Fourth-quarter results and operating trends

Synchrony posted fourth-quarter net earnings of $751 million, or $2.04 per diluted share, which included a $0.14 restructuring charge tied to a voluntary employee early retirement program. The company reported return on average assets of 2.5% and return on tangible common equity of 21.8%. Management said tangible book value per share increased 9% in the quarter.

For the full year, Synchrony delivered $3.6 billion in net earnings, or $9.28 per diluted share, with return on average assets of 3.0% and return on tangible common equity of 25.8%.

Purchase volume reached a fourth-quarter record of $49 billion, up 3% year over year, which executives said reflected strengthening spend per account and improving trends across most platforms. Management said Synchrony connected nearly 70 million customers to partners during the quarter and generated more than $182 billion of sales for partners, merchants, and providers in 2025, while adding more than 20 million new accounts.

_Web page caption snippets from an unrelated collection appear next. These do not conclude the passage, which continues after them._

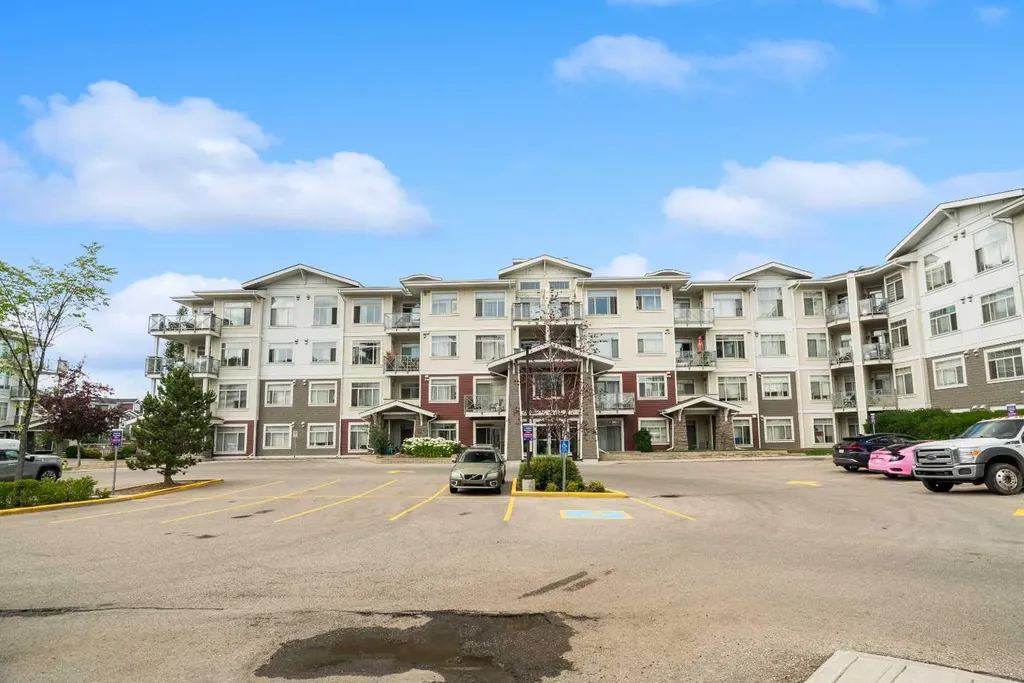 28 Auburn Bay Link SE Calgary AB T3M 1Z7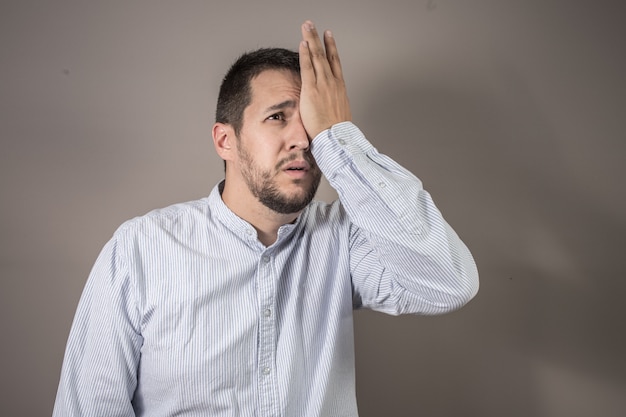 Man in pijn gooide zijn hand naar zijn gezicht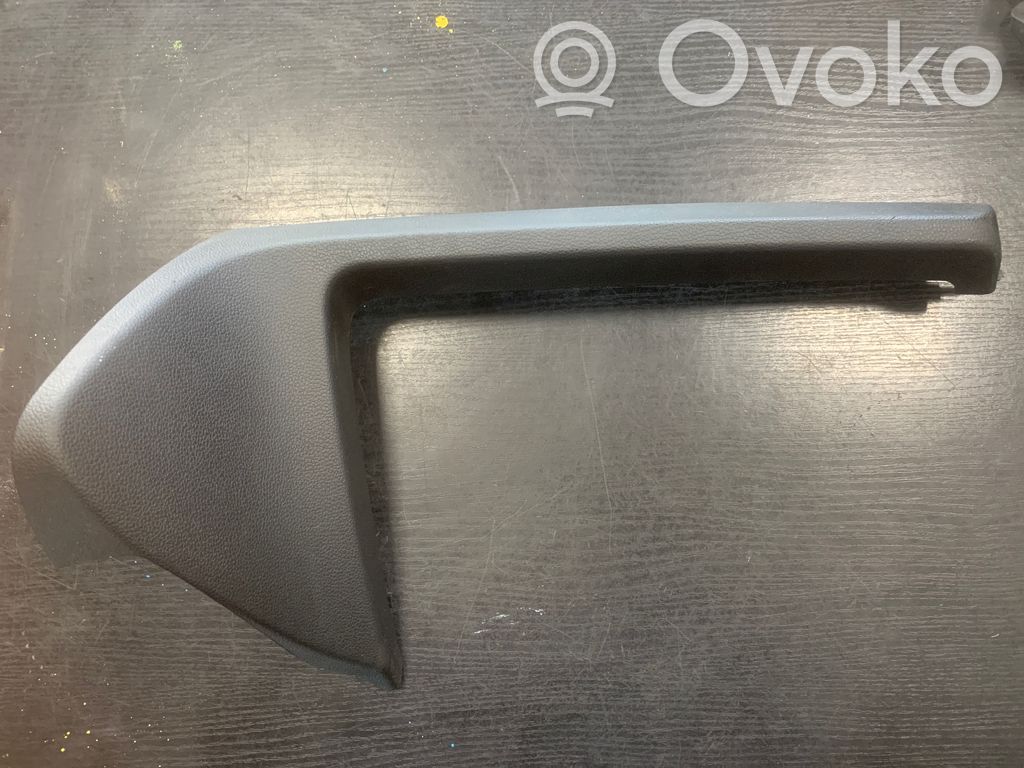 BMW 1 E81 E87 Kita panelės detalė 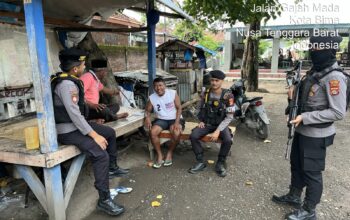 ‎Sat Samapta Polres Bima Kota Gelar Patroli Dialogis, Ajak Masyarakat Bersama Jaga Kamtibmas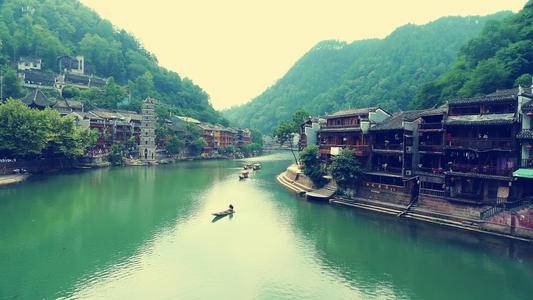 來張家界天門山 國家森林公園 鳳凰古城旅遊必去十大景點推薦路線,超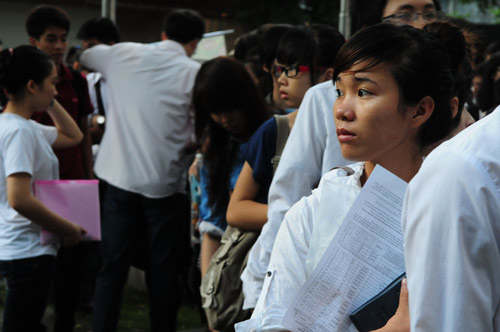 Thí sinh đã hoàn thành bài thi môn Toán - 4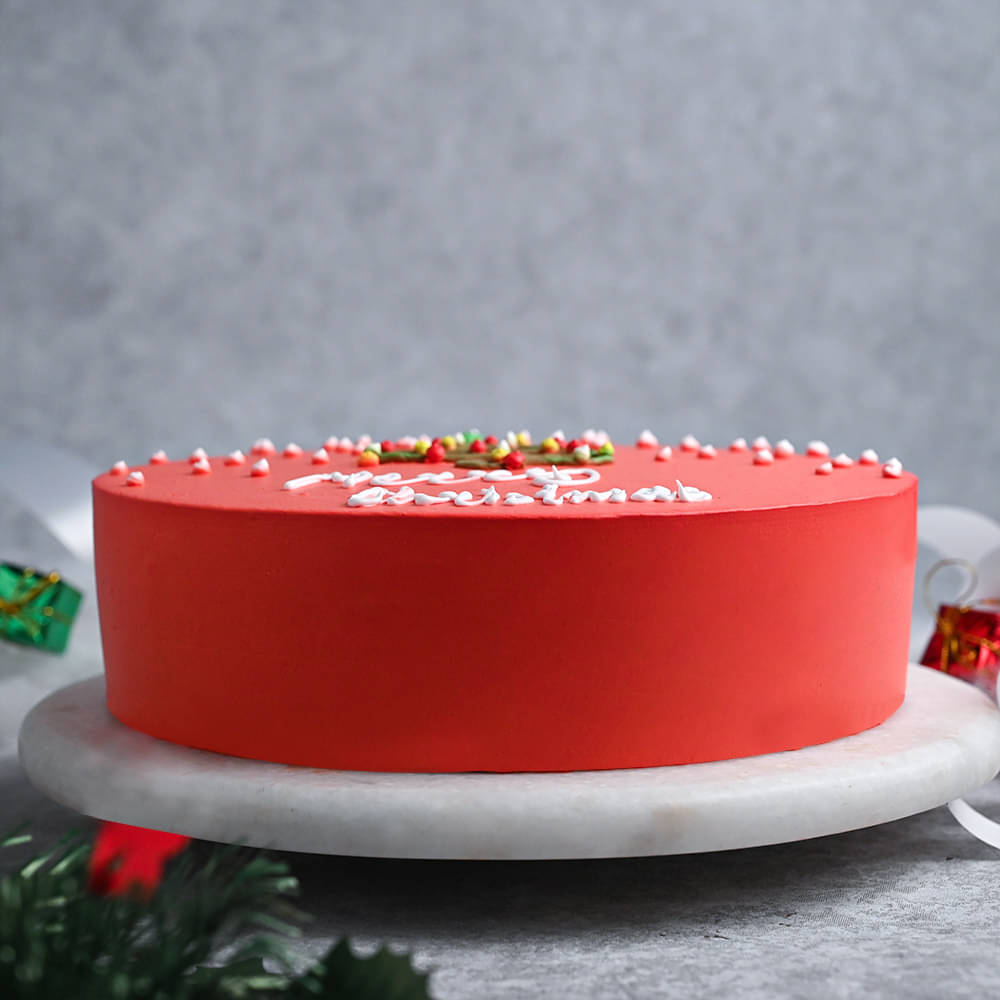 Strawberry Flavoured Xmas Cream Cake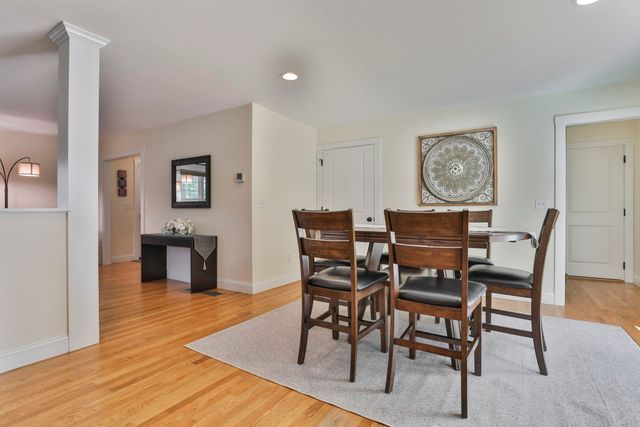 76 Grouse Run, Pelham, NH 03076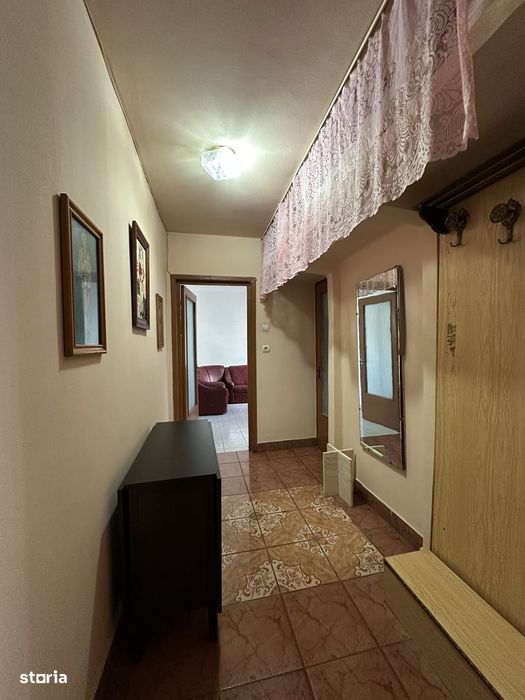 Agentia imobiliara VIGAFON vinde apartament 3 camere Malu Rosu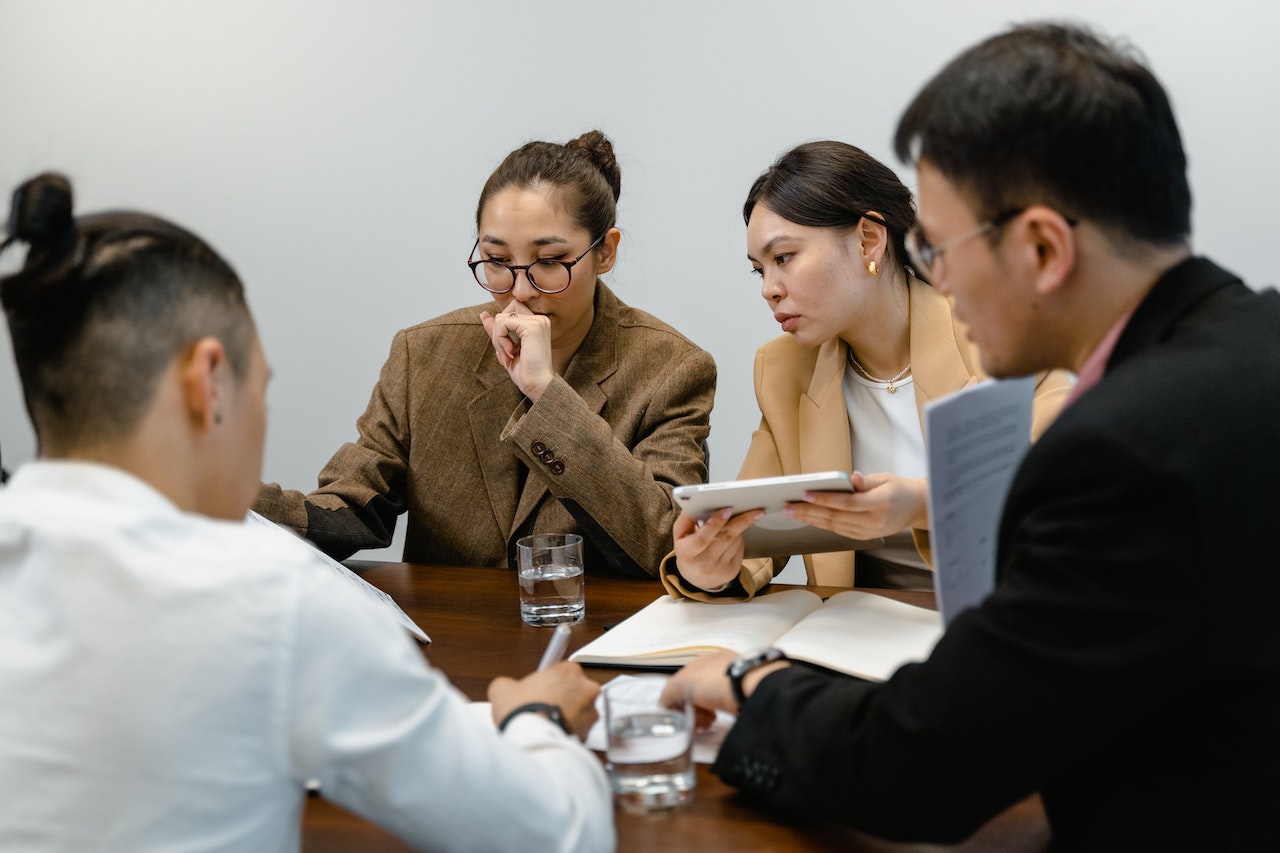 team-discussing-work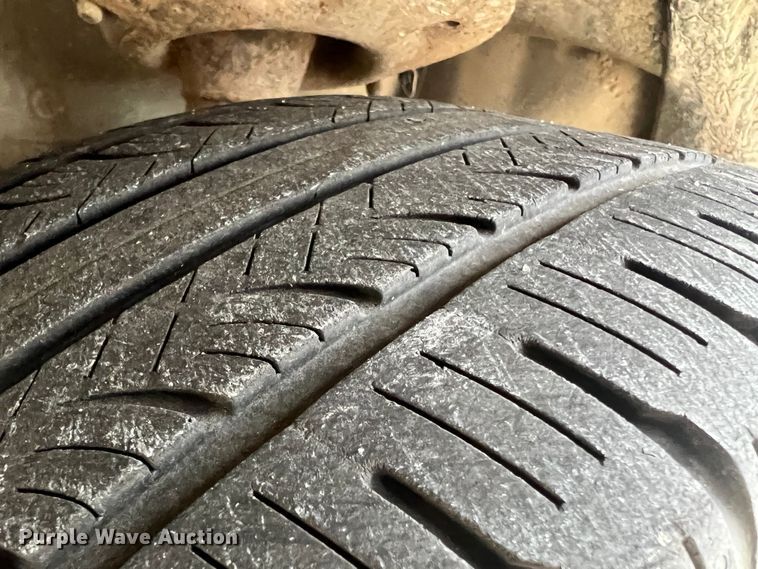 image for item MM9082 2010 Chevrolet Impala LS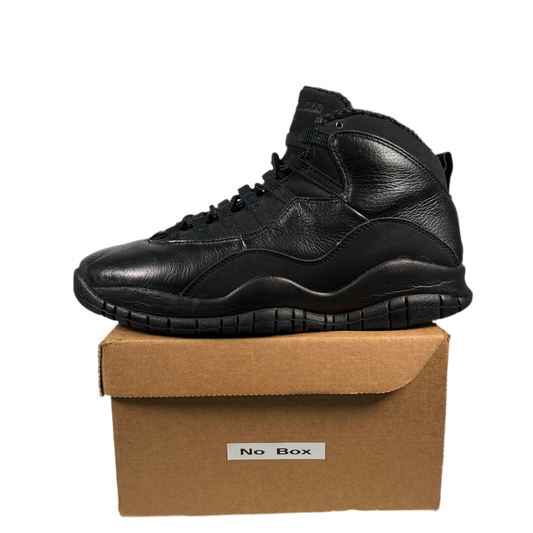 Jordan 10 Blackout (2005) Size 8.5 USED (WEAR AT OWN RISK) s18235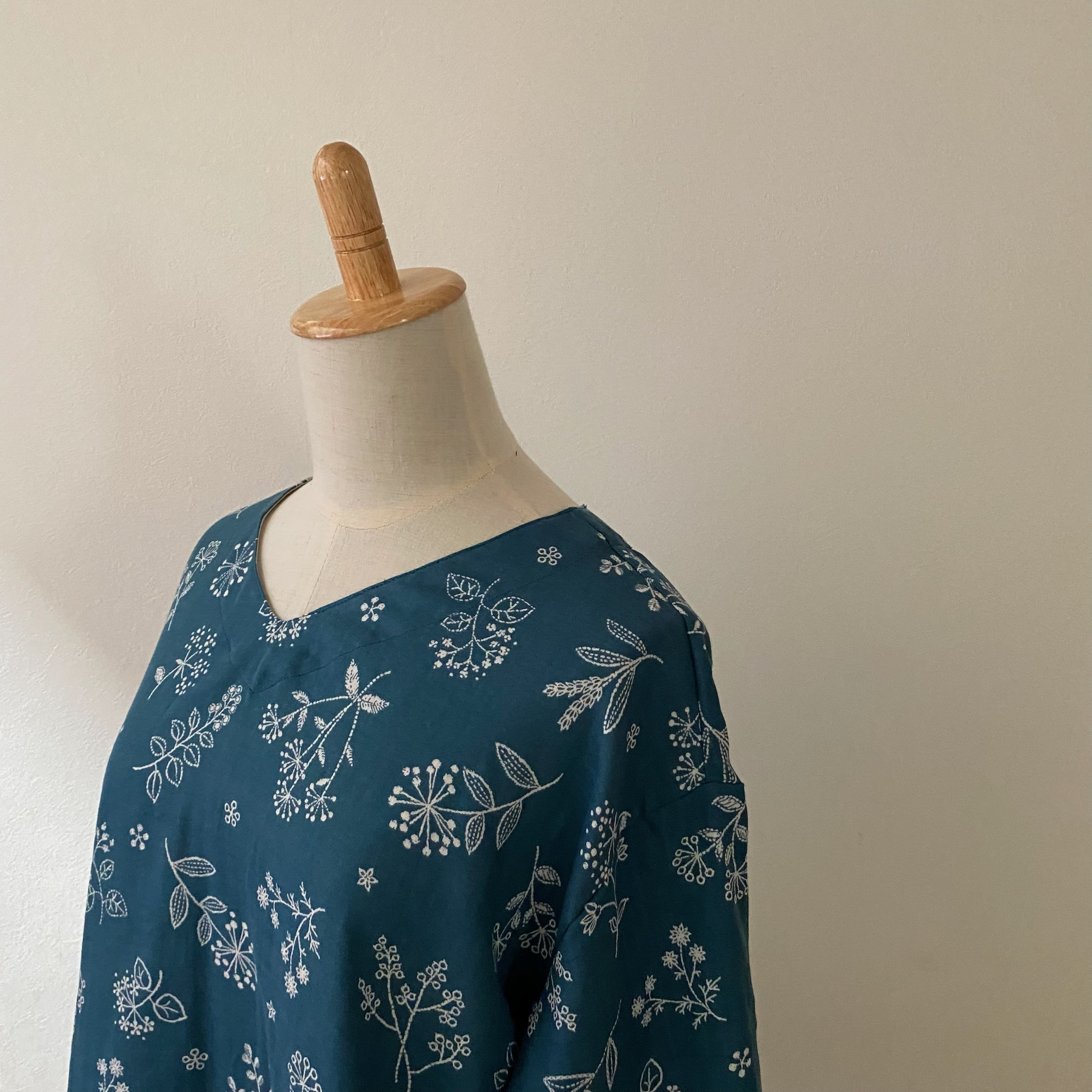 ダブルガーゼのワイドプルオーバーチュニックタイプ  ✳︎フラワー×ブルーグリーン【受注製作】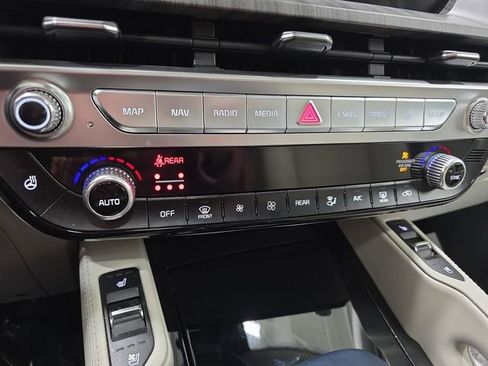 Used 2024 Kia Telluride EX w/ EX Captain's Chair Package AWD/4WD image 23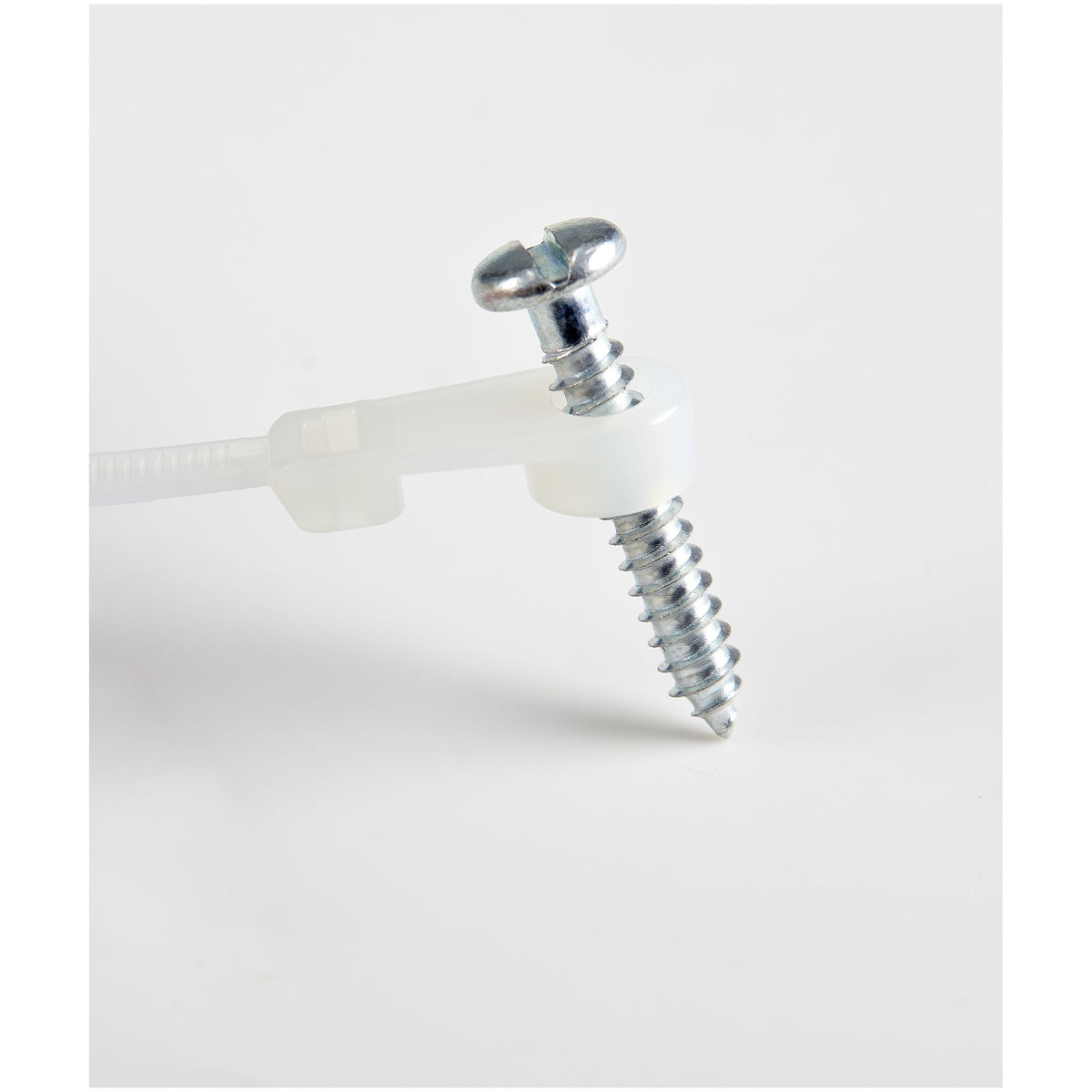 StarTech.com CBMZTS10N6 presilla Brida reutilizable Nylon, Plástico Blanco 100 pieza(s) (4)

Platform performance and mix

Management described broad-based improvement in transaction behavior, noting average transaction values increased about 30 basis points versus last year and average transaction frequency rose about 3.7% across all credit cohorts. Synchrony also said it continued to see year-over-year improvement in discretionary spend within out-of-partner purchase volume, citing categories such as electronics, entertainment, and travel.

  • Digital purchase volume increased 6%, driven by higher spend per account and customer response to enhanced offerings.
  • Diversified and Value purchase volume grew 4%, primarily reflecting partner expansion.
  • Health & Wellness purchase volume rose 4%, with growth in pet and audiology partially offset by lower cosmetic spend.
  • Lifestyle purchase volume increased 3%, reflecting higher spend per account offset by lower average active accounts.
  • Home & Auto purchase volume declined 2%, which management attributed to selective home improvement spend and lower average active accounts, partially offset by higher spend per account.

Synchrony’s dual and co-brand cards represented 50% of total purchase volume in the quarter and increased 16% year over year, driven by product upgrades and broader utility.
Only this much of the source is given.